Nutella Brownies Recipe
Fudgy and chewy Nutella Brownies. One of the best Nutella Brownie recipe with Nutella buttons.
Prep Time 10 minutes
Cook Time 25 minutes
Servings 8 people
- 1/3 cup unsalted and melted butter
- ½ cup brown sugar
- 2 medium size eggs
- 2 teaspoon vanilla
- ¾ cup Nutella
- ¼ cup Nutella for making Nutella buttons
- ¾ cup all-purpose flour
- ¼ teaspoon salt
- ½ teaspoon baking powder
TO MAKE NUTELLA BUTTONS:
Line a baking sheet with aluminum foil or parchment paper.
I am using a teaspoon to drop the Nutella on the aluminum foil forming small discs.
When done, place the baking sheet in the freezer for an hour or two.
MAKING THE NUTELLA BROWNIES
Preheat the oven to 180C/350Line an 8x8 inch baking pan with parchment paper and keep aside.

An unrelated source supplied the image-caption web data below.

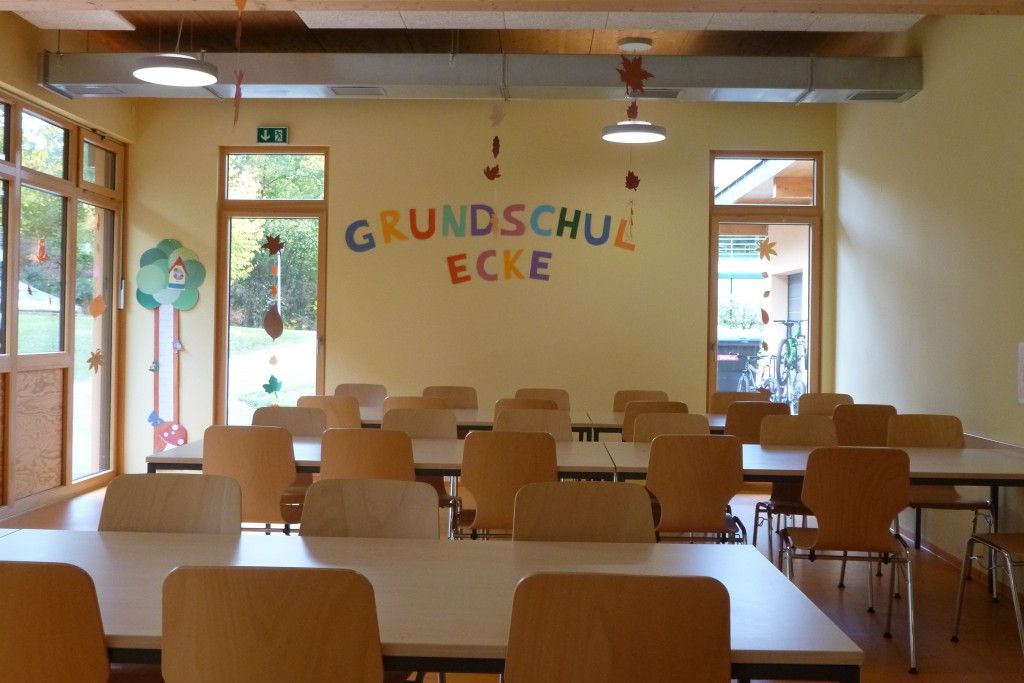 Essbereich für die Grundschule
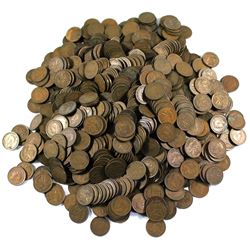 Group Lot of 1940 Canada George VI 1-cent in Circulated to Average Condition. 800pcs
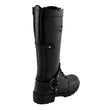 Milwaukee Leather MBL9380 Women's Black 'Jane' 15-inch Leather Combat Style Harness Motorcycle Boots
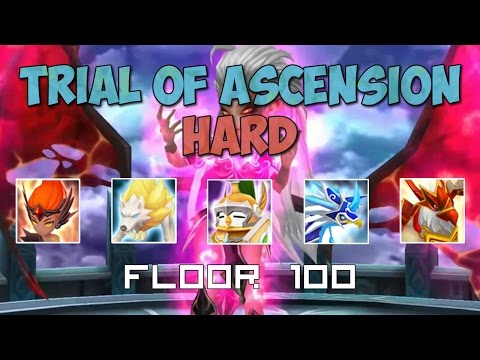 TOA Hard 100 (Farmable Team) - Lyrith (Red, Blue, and Green) - December 2016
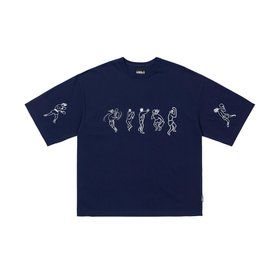 AJOBYAJO(아조바이아조) Boxers T-Shirt [NAVY] | S.I.VILLAGE (에스아이빌리지)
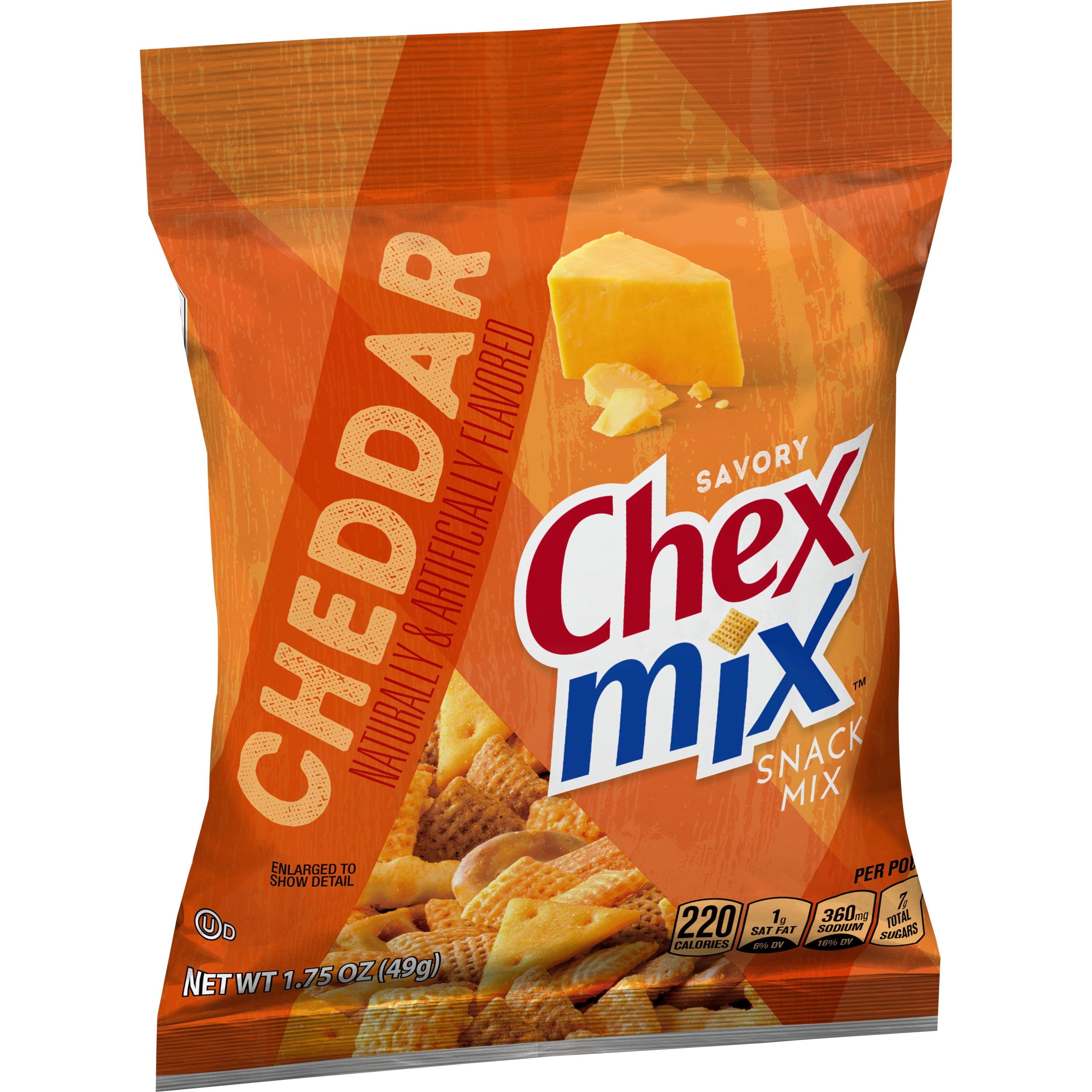 Chex Mix™ Snack Mix Single Serve Cheddar 1.75 Ounce Size - 60 Per Case.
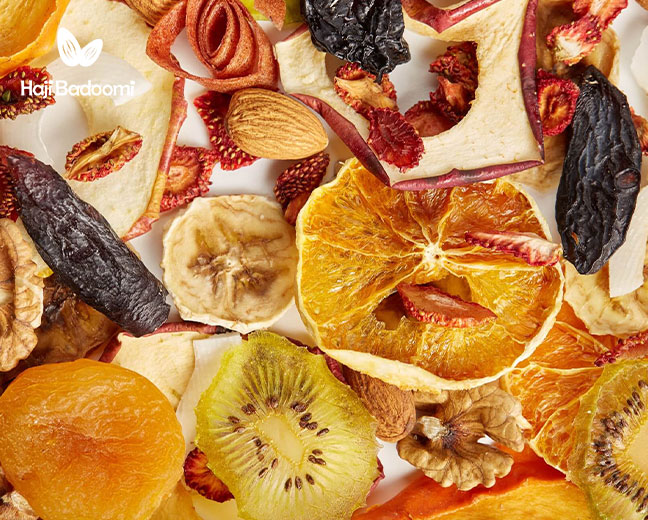 انواع تنقلات رژیمی: 3. میوه خشک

Sift the flour, baking powder, and salt. Keep aside.
In a bowl, add the melted butter and brown sugar. Mix well for one minute.
Add the Nutella and mix until combined.
Add the eggs one at a time and mix for a few seconds. Do not over mix at this point or the brownies will come out having cake-like texture after incorporating a lot of air.

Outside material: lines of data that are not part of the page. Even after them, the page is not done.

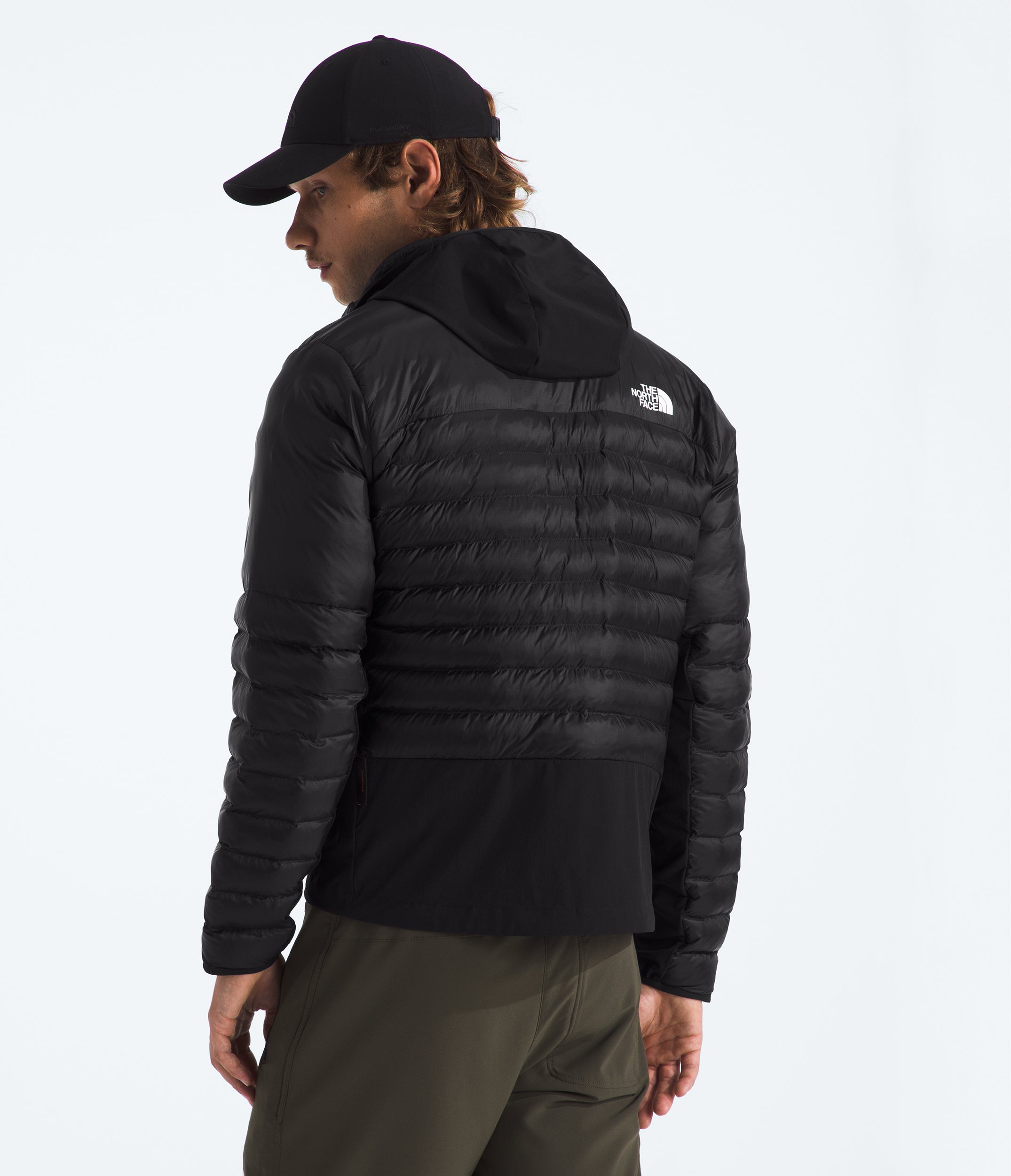 Men's The North Face Terra Peak Hybrid Hoodie Jacket Black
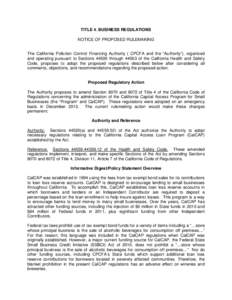 Designated landmark / Government / USA PATRIOT Act /  Title III /  Subtitle B / Politics / Regulatory Flexibility Act / United States administrative law / Rulemaking / Notice of proposed rulemaking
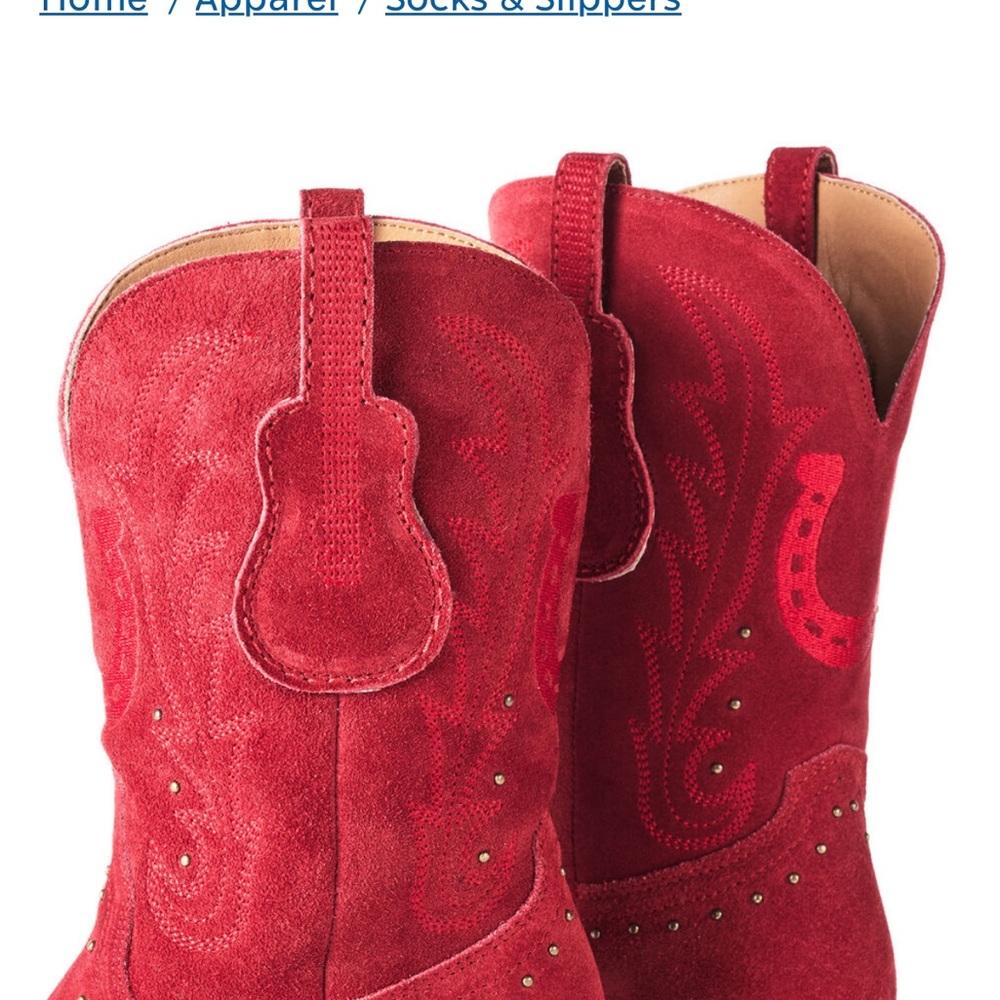 Dingo - Hallmark Grand Ole Opry Red Western Cowboy / Cowgirl Boots, NIB, Size 9 - Picture 5 of 9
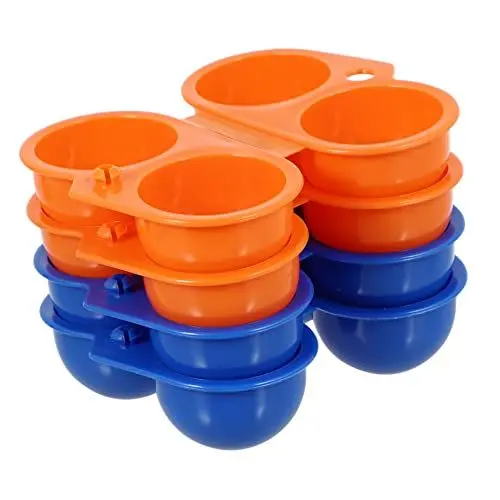 Produktbild: Beatifufu 4 Stück Eierkarton Wohnmobil Kühlschrank Reisekühlschrank Campingkühlschrank Camping Eierhalter Plus eierbehälter Camping-Eierträger Pflanzenschalen Ei Fall Camping-Eierkiste Abs
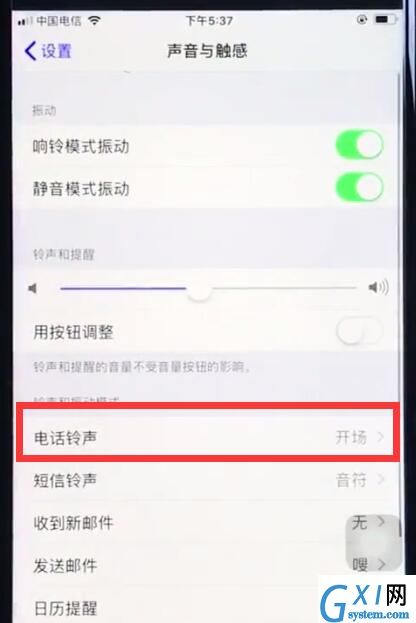 ios12中换铃声操作步骤截图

Add the vanilla and give it a quick mix. Add the dry ingredients and gently stir it in the batter, then add the Nutella buttons and fold it in the batter.
Pour the batter in the previously prepared baking pan. Bake the brownies on the top shelf of your oven for 25 minutes if you like the brownies chewy. Bake for 20 to 22 minutes if you like the brownies chewier and gooier.
The brownies are done baking when you insert a toothpick in the middle of the brownies and comes out with few crumbs.
Hold the parchment paper form the sides to pull the brownies out of the baking pan. Place the brownies over a cooling rack to prevent it from overbaking.
After the brownies are set for 10 minutes, cut the Nutella brownies to 16 squares.
Serve warm with vanilla ice cream or at room temperature.
Store the leftover brownies in an airtight container and refrigerate for up to one week.